Source/LoadByOS/WindowsConfigApp/WinInterop.cs

@@ -57,6 +57,16 @@ internal class WinInterop : IInteropFunctions
 		if (proc.ExitCode != 0)
 			throw new InvalidOperationException($"ZipExtractor exited with code {proc.ExitCode}.");
 
+		try
+		{
+			var unblockedCount = InstallFolderUnblock.UnblockDirectory(thisDir);
+			Serilog.Log.Logger.Information("Unblocked {UnblockedCount} install files after upgrade in {InstallDir}", unblockedCount, thisDir);
+		}
+		catch (Exception ex)
+		{
+			Serilog.Log.Logger.Warning(ex, "Could not unblock install files after upgrade in {InstallDir}", thisDir);
+		}
+
 		TrySyncInstallMetadata();
 	}
 

docs/advanced/troubleshoot.md

@@ -32,6 +32,40 @@ Platform-specific steps: [Windows](#hangover-windows) · [macOS](#hangover-macos
 
 ## Windows
 
+### Smart App Control and in-app upgrades {#windows-smart-app-control-and-in-app-upgrades}
+
+After accepting an in-app update, Libation may fail to restart with an error like:
+
+`An Application Control policy has blocked this file. (0x800711C7)`
+
+Windows **Smart App Control** (and similar Application Control policies on recent Windows 11 builds) can block DLLs that were just written when the in-app upgrader overlays a new release onto your existing install folder. The blocked path is usually under your **Libation install folder** (where `Libation.exe` lives), not your user data folder (`%UserProfile%\Libation`).
+
+**Symptoms**
+
+- Fatal crash immediately after an in-app upgrade (Chardonnay / Avalonia).
+- Classic may start but library import or database access fails with the same `0x800711C7` message on a `.dll` in the install folder.
+- Windows Security may also warn about an unsigned library.
+
+**Fix (recommended)**
+
+1. Quit Libation completely.
+2. Download the latest [release zip](https://github.com/rmcrackan/Libation/releases/latest) from GitHub.
+3. Extract to a **new folder** (for example `C:\Apps\Libation`). Do **not** copy new files on top of the old install folder.
+4. Run `Libation.exe` from the new folder.

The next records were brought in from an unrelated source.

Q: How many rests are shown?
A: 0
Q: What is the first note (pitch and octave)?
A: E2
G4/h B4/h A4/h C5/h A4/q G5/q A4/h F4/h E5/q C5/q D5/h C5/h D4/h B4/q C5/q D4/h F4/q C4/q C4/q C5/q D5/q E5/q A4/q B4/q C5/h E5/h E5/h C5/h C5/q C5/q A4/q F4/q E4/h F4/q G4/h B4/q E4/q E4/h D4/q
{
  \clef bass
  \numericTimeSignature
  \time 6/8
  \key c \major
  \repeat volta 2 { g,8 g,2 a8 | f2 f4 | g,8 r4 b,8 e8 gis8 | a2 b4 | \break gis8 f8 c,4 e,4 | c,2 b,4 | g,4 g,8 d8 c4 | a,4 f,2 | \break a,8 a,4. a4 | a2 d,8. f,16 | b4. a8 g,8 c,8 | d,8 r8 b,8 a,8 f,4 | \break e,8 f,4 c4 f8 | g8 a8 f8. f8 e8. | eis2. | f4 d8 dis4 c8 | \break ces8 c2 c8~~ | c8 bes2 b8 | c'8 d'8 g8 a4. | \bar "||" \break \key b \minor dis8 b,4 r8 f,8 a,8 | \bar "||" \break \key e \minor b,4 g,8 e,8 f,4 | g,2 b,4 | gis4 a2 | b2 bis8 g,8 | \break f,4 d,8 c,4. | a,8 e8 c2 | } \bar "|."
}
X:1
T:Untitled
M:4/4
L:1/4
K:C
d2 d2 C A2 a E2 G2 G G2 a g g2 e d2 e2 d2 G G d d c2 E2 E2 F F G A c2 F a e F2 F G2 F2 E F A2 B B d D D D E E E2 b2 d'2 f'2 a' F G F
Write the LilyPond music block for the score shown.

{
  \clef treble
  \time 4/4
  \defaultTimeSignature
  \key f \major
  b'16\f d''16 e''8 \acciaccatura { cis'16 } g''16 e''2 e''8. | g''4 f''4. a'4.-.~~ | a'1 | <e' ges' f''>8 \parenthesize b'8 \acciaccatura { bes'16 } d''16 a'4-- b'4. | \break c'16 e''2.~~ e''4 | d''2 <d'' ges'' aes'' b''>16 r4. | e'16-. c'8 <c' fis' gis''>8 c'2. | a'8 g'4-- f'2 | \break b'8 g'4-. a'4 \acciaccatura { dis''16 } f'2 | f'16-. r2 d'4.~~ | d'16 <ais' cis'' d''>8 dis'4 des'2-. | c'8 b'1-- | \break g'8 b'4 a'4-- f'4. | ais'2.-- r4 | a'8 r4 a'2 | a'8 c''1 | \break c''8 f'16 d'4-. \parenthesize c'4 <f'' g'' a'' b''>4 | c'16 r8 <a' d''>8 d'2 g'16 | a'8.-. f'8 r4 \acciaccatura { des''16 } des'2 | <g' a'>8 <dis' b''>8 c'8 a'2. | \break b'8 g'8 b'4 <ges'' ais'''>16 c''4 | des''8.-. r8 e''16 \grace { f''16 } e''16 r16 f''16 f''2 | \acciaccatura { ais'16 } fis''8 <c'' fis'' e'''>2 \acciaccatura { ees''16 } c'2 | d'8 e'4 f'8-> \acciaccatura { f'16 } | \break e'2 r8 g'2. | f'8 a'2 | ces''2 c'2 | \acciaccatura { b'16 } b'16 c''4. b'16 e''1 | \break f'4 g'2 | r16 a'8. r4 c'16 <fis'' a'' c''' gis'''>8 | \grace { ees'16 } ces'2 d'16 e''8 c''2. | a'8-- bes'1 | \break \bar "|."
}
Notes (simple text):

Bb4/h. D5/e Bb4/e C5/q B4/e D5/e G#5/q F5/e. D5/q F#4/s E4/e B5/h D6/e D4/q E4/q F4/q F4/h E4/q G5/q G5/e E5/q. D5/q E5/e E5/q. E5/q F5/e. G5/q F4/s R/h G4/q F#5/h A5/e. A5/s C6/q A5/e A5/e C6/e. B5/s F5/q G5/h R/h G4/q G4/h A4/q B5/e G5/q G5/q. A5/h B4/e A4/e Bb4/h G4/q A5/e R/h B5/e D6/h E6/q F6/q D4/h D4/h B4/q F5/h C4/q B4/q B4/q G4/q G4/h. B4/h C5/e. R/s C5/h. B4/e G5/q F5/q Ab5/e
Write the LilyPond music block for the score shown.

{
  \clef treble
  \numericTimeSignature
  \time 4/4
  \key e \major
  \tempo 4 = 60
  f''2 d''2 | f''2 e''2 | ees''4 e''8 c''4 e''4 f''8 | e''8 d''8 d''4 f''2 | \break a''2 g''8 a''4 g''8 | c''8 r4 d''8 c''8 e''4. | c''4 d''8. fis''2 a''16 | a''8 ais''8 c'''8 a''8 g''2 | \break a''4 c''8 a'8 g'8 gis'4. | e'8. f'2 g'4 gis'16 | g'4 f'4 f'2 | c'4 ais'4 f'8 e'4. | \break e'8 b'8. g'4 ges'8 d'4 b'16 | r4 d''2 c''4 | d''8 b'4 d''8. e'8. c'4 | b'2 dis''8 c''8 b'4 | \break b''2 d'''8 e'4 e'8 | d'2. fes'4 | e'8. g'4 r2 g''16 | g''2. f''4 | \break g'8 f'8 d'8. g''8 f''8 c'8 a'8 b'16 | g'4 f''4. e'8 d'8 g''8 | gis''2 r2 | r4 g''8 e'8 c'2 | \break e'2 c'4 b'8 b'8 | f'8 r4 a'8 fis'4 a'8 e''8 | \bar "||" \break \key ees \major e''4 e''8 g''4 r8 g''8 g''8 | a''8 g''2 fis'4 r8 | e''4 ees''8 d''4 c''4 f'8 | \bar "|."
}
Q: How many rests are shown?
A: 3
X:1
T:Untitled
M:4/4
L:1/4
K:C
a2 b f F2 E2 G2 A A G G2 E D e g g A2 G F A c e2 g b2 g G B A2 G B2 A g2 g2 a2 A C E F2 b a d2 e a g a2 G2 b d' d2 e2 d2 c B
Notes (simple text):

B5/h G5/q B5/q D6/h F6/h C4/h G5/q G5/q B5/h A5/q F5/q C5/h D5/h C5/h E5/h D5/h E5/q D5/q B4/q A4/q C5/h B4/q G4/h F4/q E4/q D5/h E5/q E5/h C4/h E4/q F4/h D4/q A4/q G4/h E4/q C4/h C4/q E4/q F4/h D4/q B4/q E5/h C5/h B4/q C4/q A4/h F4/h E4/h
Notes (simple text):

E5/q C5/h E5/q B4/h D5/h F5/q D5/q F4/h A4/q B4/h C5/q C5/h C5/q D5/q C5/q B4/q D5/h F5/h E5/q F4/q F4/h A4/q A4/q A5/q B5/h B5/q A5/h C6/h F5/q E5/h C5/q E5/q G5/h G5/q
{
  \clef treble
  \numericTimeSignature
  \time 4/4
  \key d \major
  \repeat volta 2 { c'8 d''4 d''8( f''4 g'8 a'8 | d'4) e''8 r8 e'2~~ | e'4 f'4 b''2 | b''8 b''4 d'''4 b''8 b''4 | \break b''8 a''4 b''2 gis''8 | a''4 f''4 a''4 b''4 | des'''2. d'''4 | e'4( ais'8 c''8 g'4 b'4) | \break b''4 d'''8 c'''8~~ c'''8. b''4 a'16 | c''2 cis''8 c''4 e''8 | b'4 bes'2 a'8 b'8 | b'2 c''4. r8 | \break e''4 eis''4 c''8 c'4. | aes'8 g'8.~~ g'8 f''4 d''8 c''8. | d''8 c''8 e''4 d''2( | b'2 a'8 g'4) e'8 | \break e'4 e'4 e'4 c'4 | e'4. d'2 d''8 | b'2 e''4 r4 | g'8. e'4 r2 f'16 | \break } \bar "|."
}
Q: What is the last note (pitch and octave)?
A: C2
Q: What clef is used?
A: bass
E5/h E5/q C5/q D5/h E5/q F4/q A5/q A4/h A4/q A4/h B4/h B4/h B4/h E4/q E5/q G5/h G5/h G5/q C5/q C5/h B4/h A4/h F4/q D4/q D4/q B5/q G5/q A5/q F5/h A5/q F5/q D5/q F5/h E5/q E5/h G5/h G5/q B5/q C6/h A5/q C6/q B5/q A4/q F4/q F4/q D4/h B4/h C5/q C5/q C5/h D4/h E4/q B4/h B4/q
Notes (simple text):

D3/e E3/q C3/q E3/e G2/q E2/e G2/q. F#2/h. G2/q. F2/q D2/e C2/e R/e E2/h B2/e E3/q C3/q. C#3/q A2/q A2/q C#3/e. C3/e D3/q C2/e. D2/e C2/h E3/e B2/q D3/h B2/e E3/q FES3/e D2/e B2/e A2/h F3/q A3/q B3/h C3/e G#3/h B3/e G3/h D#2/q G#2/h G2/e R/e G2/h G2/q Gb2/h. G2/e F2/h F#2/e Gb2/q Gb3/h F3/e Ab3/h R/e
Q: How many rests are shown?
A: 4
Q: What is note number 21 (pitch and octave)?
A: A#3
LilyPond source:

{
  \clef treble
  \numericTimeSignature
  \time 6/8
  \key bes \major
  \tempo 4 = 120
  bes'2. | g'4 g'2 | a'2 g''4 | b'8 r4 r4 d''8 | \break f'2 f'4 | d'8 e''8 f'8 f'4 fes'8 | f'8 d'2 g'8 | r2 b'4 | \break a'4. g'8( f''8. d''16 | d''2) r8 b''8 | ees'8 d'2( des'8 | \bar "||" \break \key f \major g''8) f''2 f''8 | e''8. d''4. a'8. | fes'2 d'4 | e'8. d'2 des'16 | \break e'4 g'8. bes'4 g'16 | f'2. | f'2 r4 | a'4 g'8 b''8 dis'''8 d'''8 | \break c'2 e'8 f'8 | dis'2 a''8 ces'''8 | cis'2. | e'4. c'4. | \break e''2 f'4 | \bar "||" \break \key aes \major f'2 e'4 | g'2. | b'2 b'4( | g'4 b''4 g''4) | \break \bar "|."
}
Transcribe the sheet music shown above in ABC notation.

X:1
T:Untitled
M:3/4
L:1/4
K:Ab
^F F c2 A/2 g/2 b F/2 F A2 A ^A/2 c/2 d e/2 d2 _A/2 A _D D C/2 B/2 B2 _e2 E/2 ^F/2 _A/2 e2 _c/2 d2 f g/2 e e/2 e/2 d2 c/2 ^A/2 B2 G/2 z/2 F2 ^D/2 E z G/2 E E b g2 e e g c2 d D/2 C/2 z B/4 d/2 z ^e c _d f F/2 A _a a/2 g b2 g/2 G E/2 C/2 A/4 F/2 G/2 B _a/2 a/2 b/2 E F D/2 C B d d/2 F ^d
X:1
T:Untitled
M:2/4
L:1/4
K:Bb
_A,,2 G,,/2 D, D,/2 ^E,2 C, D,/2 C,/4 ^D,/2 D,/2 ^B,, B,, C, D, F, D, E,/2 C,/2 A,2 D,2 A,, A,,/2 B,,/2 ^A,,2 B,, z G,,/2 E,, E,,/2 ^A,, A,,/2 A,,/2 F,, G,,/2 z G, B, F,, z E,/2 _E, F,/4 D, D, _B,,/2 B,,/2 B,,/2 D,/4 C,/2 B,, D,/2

Your library database, accounts, and settings in `%UserProfile%\Libation` (or the path in `appsettings.json` -> `LibationFiles`) are separate and should still work.
+
+**If Windows still blocks the new install**
+
+1. Open **Windows Security** -> **App & browser control** and review **Smart App Control** (Evaluation or On modes are the usual trigger).
+2. In PowerShell, unblock the install folder (adjust the path):
+
+   ```powershell
+   Unblock-File -Path 'C:\Apps\Libation\*' -Recurse
+   ```
+
+3. Avoid running Libation from cloud-sync folders (OneDrive, etc.) if you can; use a normal local path for the install folder.
+
+Related reports: [#1876](https://github.com/rmcrackan/Libation/issues/1876), [#1873](https://github.com/rmcrackan/Libation/issues/1873).
+
 ### Hangover (Windows)
 
 Hangover.exe is located in the folder containing Libation.exe. Double-click it to run it.